2010 – Hunger in America 2010

Mathematica Policy Research releases “Hunger in America 2010” and finds the St. Louis Area Foodbank network serves more than 261,000 people each year through 478 partner agencies.

Fresh Fruits and Vegetables – The St. Louis Area Foodbank distributes more than 2.9 million pounds of fresh fruits and vegetables. Mobile Markets are added to our rapid distribution programs, ensuring quick inventory turnover of fresh produce.

2011 – Paid Off New Building

The St. Louis Area Foodbank satisfies debt owed on our building at 70 Corporate Woods Drive. Retiring the debt allowed the organization to use the additional funds to bring in, store, and distribute more food. Distribution increased by nearly 10 million pounds from 2011 to 2013.

We distribute more than 25 million pounds of food for the first time in our history.

2012 – 16,000 Volunteers

More than 16,000 volunteers spend over 44,000 hours at the Foodbank repackaging food for distribution to our partner agencies.

First school-based food pantry – The St. Louis Area Foodbank opens our first school-based food pantry in Jennings School District.
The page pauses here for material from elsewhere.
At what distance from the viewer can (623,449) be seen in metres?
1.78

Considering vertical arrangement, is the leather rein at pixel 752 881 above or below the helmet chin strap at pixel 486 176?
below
Environmental Stewardship Award – The Foodbank is recognized with an Environmental Stewardship Award by Orion Energy Systems for replacing all the lighting in our warehouse with energy-efficient fixtures. The lighting project is one of many efforts, including solar panels on our roof and upgrades to our HVAC system, designed to improve efficiencies and reduce costs in order to bring in more food to the area.

2014 – Hunger in America 2014

Feeding America releases “Hunger In America 2014” and finds the St. Louis Area Foodbank network serves more than 392,000 people each year through 507 partner agencies.

2015 – Community Support Helps Provide 30 Million Meals

Support from the community exceeds $5 million for the first time, helping the organization provide more than 30 million meals for our neighbors in need.

2016 – Hunger Engagement Center Completed

Completed construction on a building addition project known as the Hunger Engagement Center – a multi-functional and fully-flexible learning and meeting space designed to engage the community in the Foodbank’s mission.

2017 – Rock Out Hunger

The Foodbank holds the first “Rock Out Hunger” event at Chesterfield Amphitheater. It has grown to become our largest fundraising event.

2018 – SNAP Works

Through the organization’s SNAP outreach efforts, Foodbank staff help get more than 1,000 SNAP applications processed in our service territory for the first time in our history. SNAP (formally known as  Food Stamps) is a vital safety net program that nationally provides 9 meals for every meal provided by a Feeding America food bank.

2019 – Breakfast Beyond the Bell

Through partnership with Bayer’s philanthropic arm, The Monsanto Fund, the Foodbank pilots the “Breakfast Beyond the Bell” program in the Cahokia, IL School District to provide 1,000 students with a nutritious start to their day.

2020 – 45 Years of Service to the Bi-State Region

In the midst of the COVID-19 Pandemic, the St. Louis Area Foodbank reaffirmed its commitment to the community with the Hunger + Health initiative with Anthem that connects at-risk populations with nutritious food, healthcare resource, and education.

2021 – Food on the Move

Launched Food on the Move Program, a 28 Foot trailer that has been transformed into a mobile food pantry, to increase accessibility and bring nutritious items to the communities that have limited to non-existent food sources.